Chicken Tagine With Preserved Lemon and Olives Recipe

I recently made this Chicken Tagine With Preserved Lemon and Olives recipe, and it instantly became one of my favorite comforting dinners. The chicken turned incredibly tender, while the preserved lemons added a bright and tangy flavor that balanced the savory spices perfectly.
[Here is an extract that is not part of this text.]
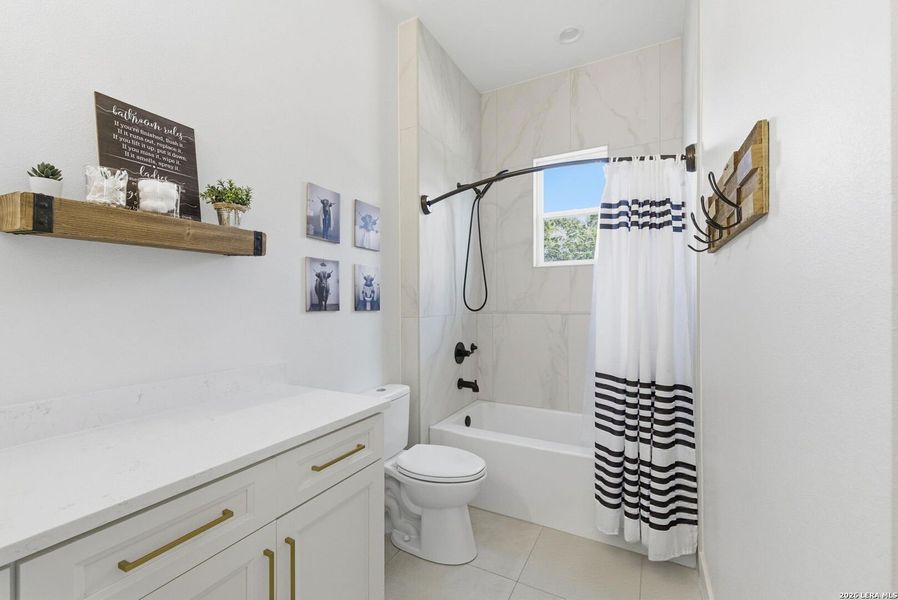 Furnished interior view inside a new home in , Bandera (Image 52).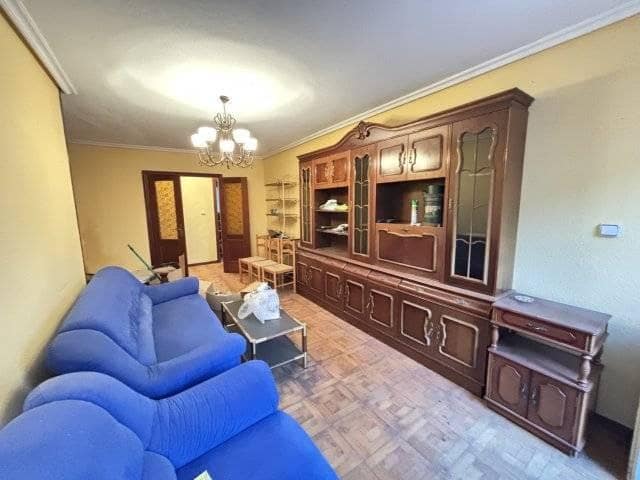 3 soveværelse Lejlighed til salg i Torrelavega - € 170.000 (Ref: 9031450)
I loved how the olives brought a salty richness that made every bite exciting.
Total Time 1 hour 10 minutes
Servings: 6

Ingredients
  

  • 2 pounds bone-in chicken thighs or drumsticks – Bone-in chicken stays juicy and gives the sauce more flavor.
  • 2 tablespoons olive oil – Use good-quality olive oil for a smoother and richer taste.
  • 1 large onion thinly sliced – Onions melt into the sauce and add natural sweetness.
  • 4 garlic cloves minced – Fresh garlic gives the dish a stronger aroma than jarred garlic.
  • 1 teaspoon ground ginger – Adds warm earthy flavor that pairs beautifully with lemon.
  • 1 teaspoon turmeric – Gives the tagine its golden color and subtle depth.
  • 1 teaspoon paprika – Adds mild smokiness and richness.
  • ½ teaspoon ground cumin – Brings warmth and authentic Moroccan flavor.
  • ½ teaspoon black pepper – Freshly cracked pepper works best for stronger flavor.
  • 1 teaspoon kosher salt – Adjust according to the saltiness of the olives.
  • 1 cup chicken broth – Keeps the chicken tender and creates a flavorful sauce.
  • 1 preserved lemon rinsed and sliced – The key ingredient that adds tangy brightness.
  • 1 cup green olives – Use pitted olives for easier serving.
  • 2 tablespoons chopped fresh parsley – Adds freshness and color at the end.
  • 2 tablespoons chopped cilantro – Balances the richness with herbal flavor.
  • 1 small cinnamon stick optional – Gives a subtle sweet warmth to the sauce.
  • 1 tablespoon lemon juice – Enhances the citrus notes before serving.

Method
 

  1. Pat the chicken dry with paper towels before seasoning it with salt, pepper, turmeric, ginger, paprika, and cumin. This helps the spices stick evenly to the meat. Let the chicken sit for a few minutes so the flavors begin soaking in.
  2. Heat olive oil in a Dutch oven or tagine pot over medium heat. Add the sliced onions and cook until soft and lightly golden. Stir in the garlic and cook briefly until fragrant without letting it burn.
  3. Place the seasoned chicken pieces into the pot skin-side down. Cook until lightly browned on both sides for extra flavor and color. Browning also helps lock in moisture during simmering.
  4. Pour in the chicken broth and scrape up any browned bits from the bottom of the pan. Add the cinnamon stick, preserved lemons, and olives to the pot. These ingredients slowly flavor the broth while the chicken cooks.
  5. Reduce the heat to low and cover the pot with a lid. Let the chicken simmer gently until tender and fully cooked through. The sauce should thicken slightly while becoming rich and aromatic.
  6. Remove the lid and stir in chopped parsley, cilantro, and fresh lemon juice. Taste the sauce and adjust seasoning if needed. The herbs brighten the dish and add fresh flavor before serving.
  7. Transfer the chicken and sauce to a serving dish or traditional tagine platter. Spoon extra sauce over the top for maximum flavor. Serve warm with couscous, rice, or crusty bread

Notes

  • I always brown the chicken well because it adds a richer taste to the sauce.
  • I like rinsing preserved lemons lightly so the dish does not become overly salty.
  • I found that simmering slowly on low heat makes the chicken extra tender.
  • I sometimes add a small pinch of saffron when I want deeper Moroccan flavor.
  • I prefer using fresh herbs at the end because they keep the dish bright and fresh.
  • I usually let the tagine rest for 10 minutes before serving so the flavors settle beautifully.